Superoxide, as the member of ROS family, serves the function for cell migration, which have been pointed out. For instance, Mu et al. [11] have revealed that Chlorotyrosine boosts smooth muscle cell migration via increasing superoxide generation. Another study has uncovered that superoxide production supports epithelial cell migration, thereby promoting wound closure [12]. In terms of relation between mitochondrial superoxide and cell migration, Dias Amoedo et al. [13] have reported that inhibition of mitochondrial superoxide generation is helpful to suppress the migration of A549 cell, and then target lung adenocarcinoma. However, how mitochondrial superoxide influences migration, thereby wound healing remains poorly understood. In this study, we investigated whether mitochondrial ROS involved cell migration or not.
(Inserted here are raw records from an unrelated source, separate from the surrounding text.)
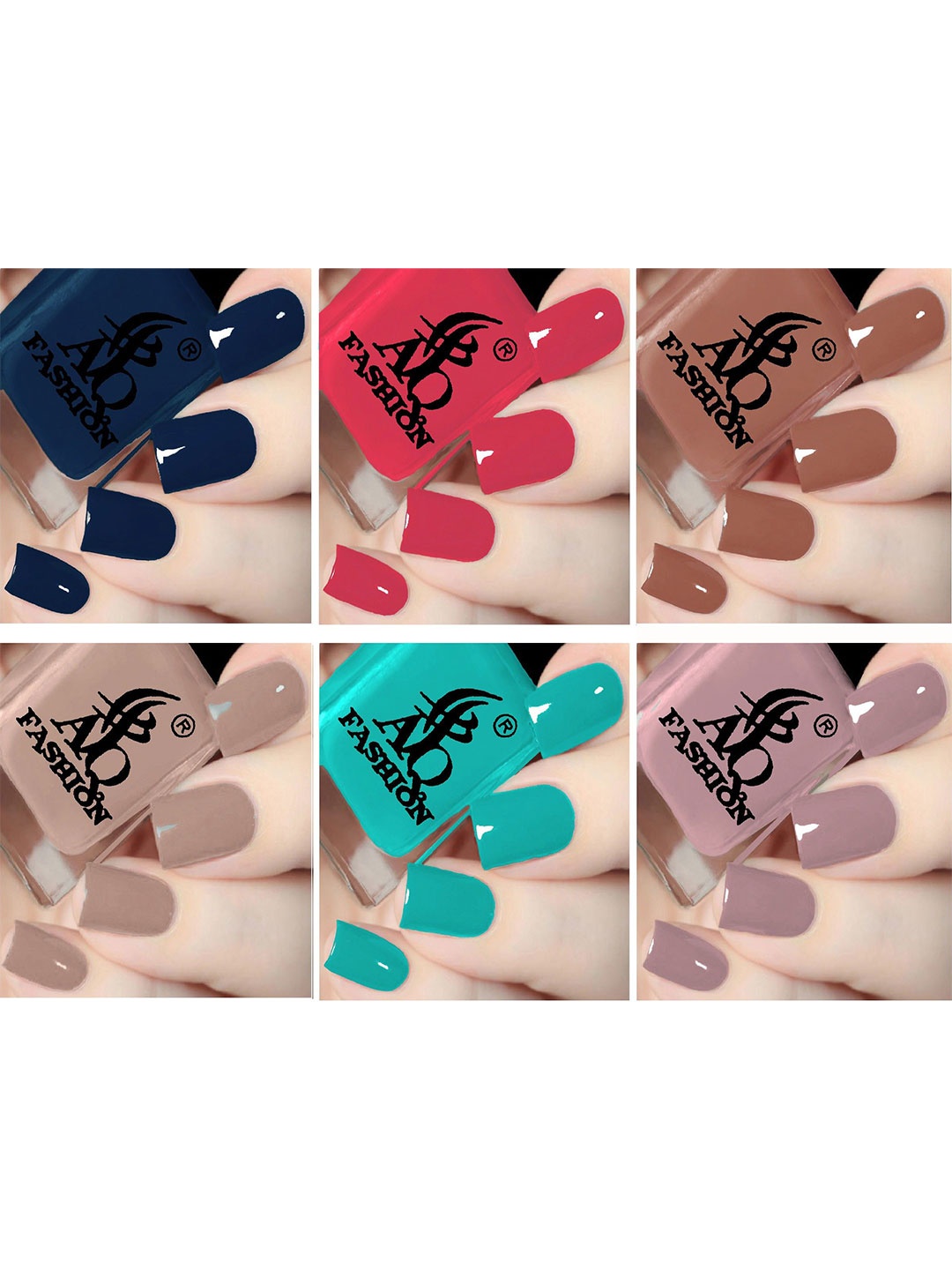

AQ FASHION Set Of 6 Glossy Long Lasting Nail Polish - 10 ml Each, Turquoise blue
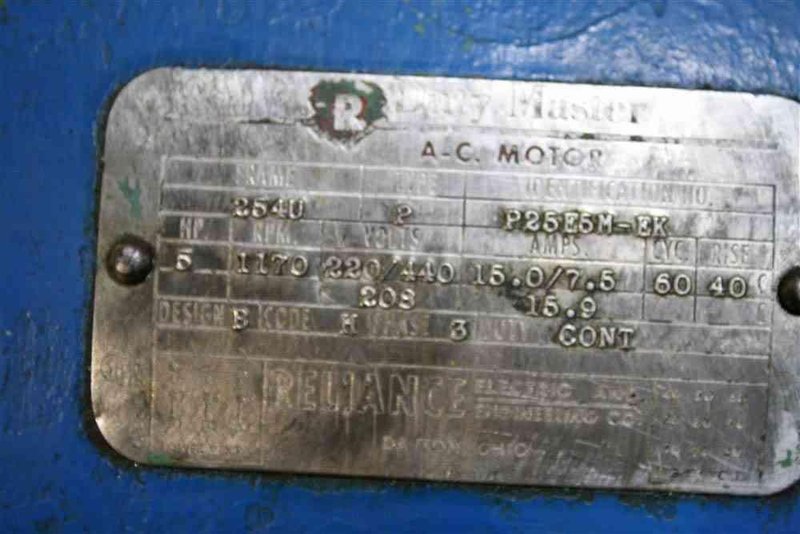 5 HP RELIANCE A/C ELECTRIC MOTOR:  STOCK #54113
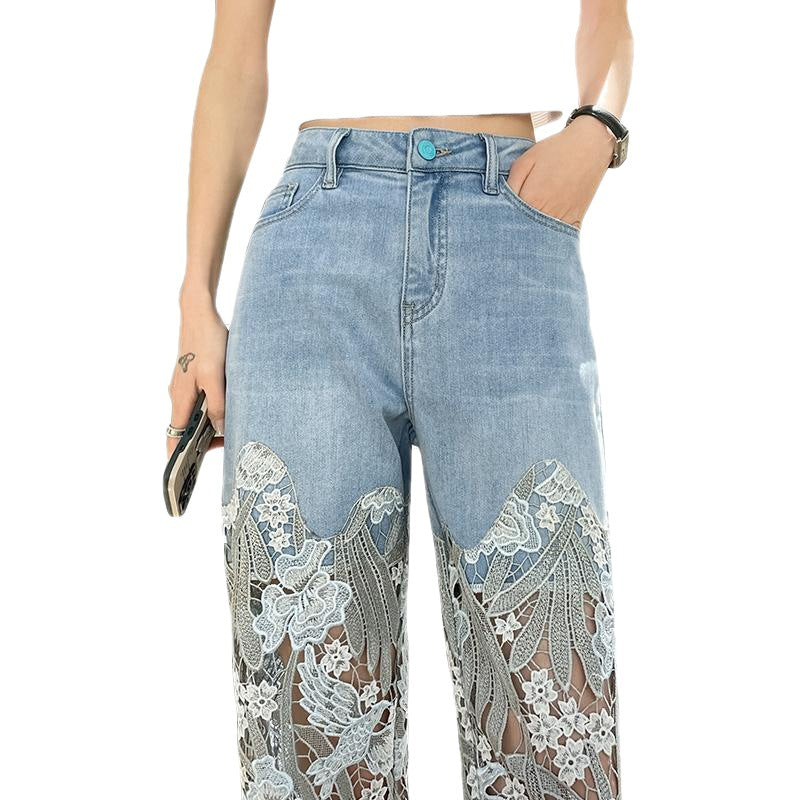 Cutout lace paneled jeans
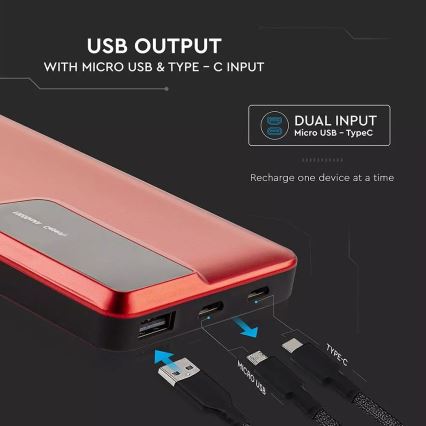 Power Bank mit Display 10000mAh/3,7V rot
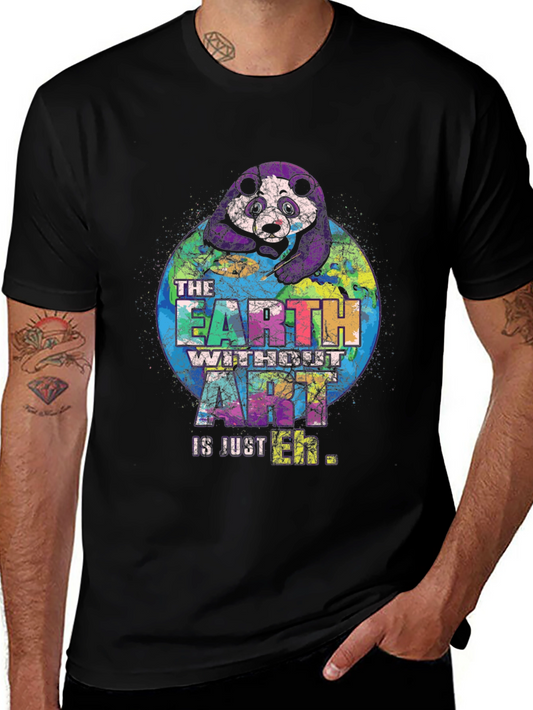 Art Lovers Panda Earth Graphic T-Shirt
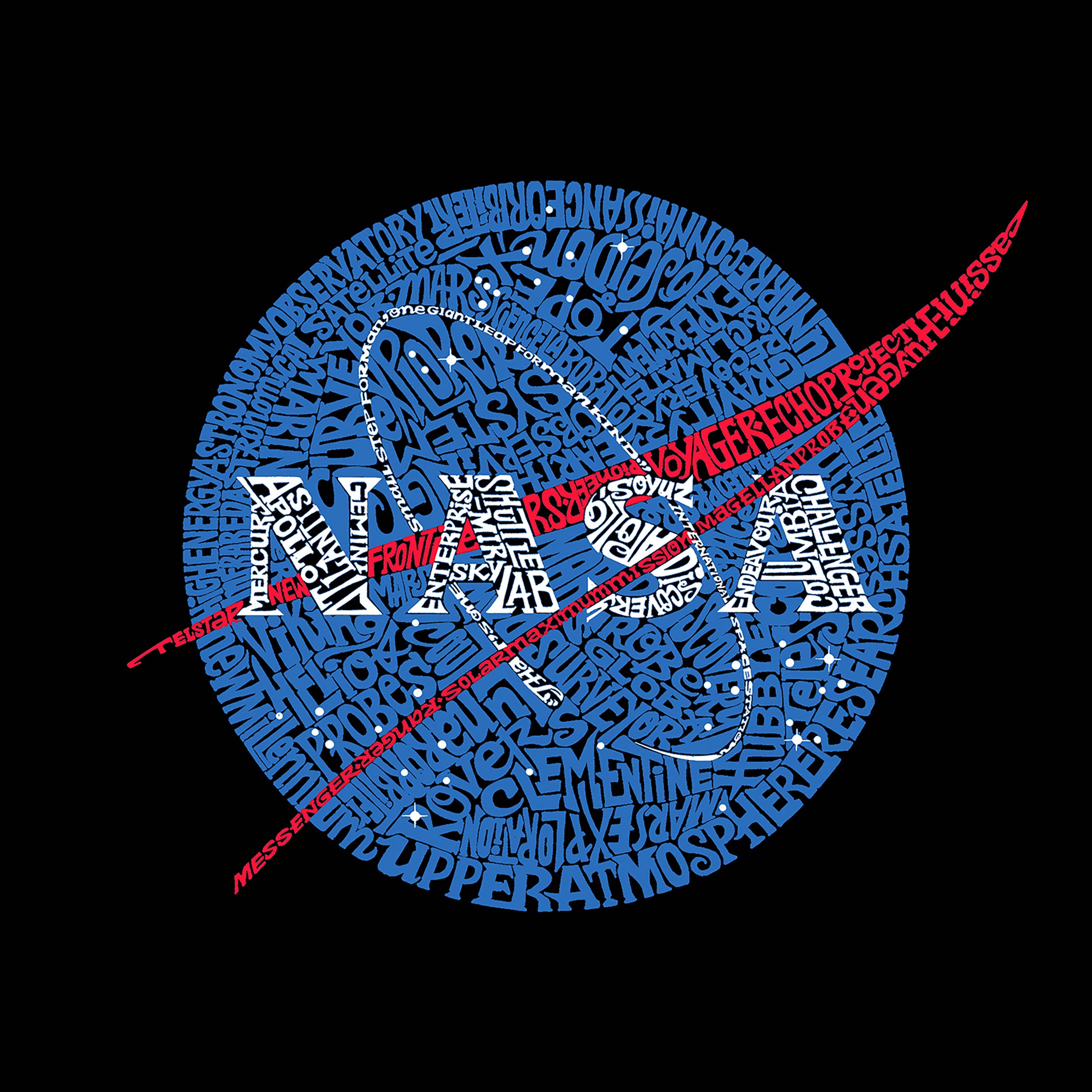 Boy's Word Art T-shirt - NASA's Most Notable Missions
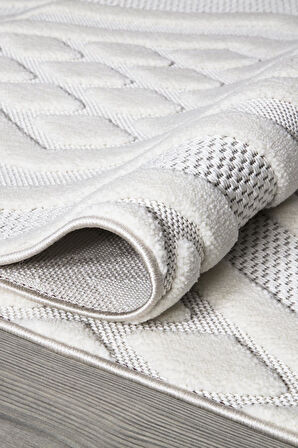 İpek Halı Kişiye Özel Ölçü Yolluk Halısı 100x340 Almond 11407 Beyaz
Our results demonstrated that mitochondrial superoxide exerted the crux roles on wound healing.

Materials and Methods

Cell culture and treatment

A549 cells (non-small cell lung cancer cell line) were purchased from cell resource center of shanghai institute for life sciences (Shanghai, China), and cultured in DMEM medium (Gibco, Carlsbad, MD, USA) supplemented with 10% FBS and 1% penicillin/ streptomycin (Meilunbio, Dalian, China).

Wound healing assay

To simulate the skin wound healing process, scratch wound assay was utilized referring to previous study [14]. Briefly, A549 cells were grown to form monolayers in 6-well plates, and then scratch was performed with 200 μl pipette tip (Figure 1). After washing with DMEM medium, the scratched cells were returned to incubator for further culture up to 12 h. To detect the influences of ROS and superoxide, paraquat (PQ), N-acetyl cysteine (NAC), SOD mimics (EUK-134), free radical scavenge (MCI-186), and diphenyliodonium (DPI) were added into medium, respectively.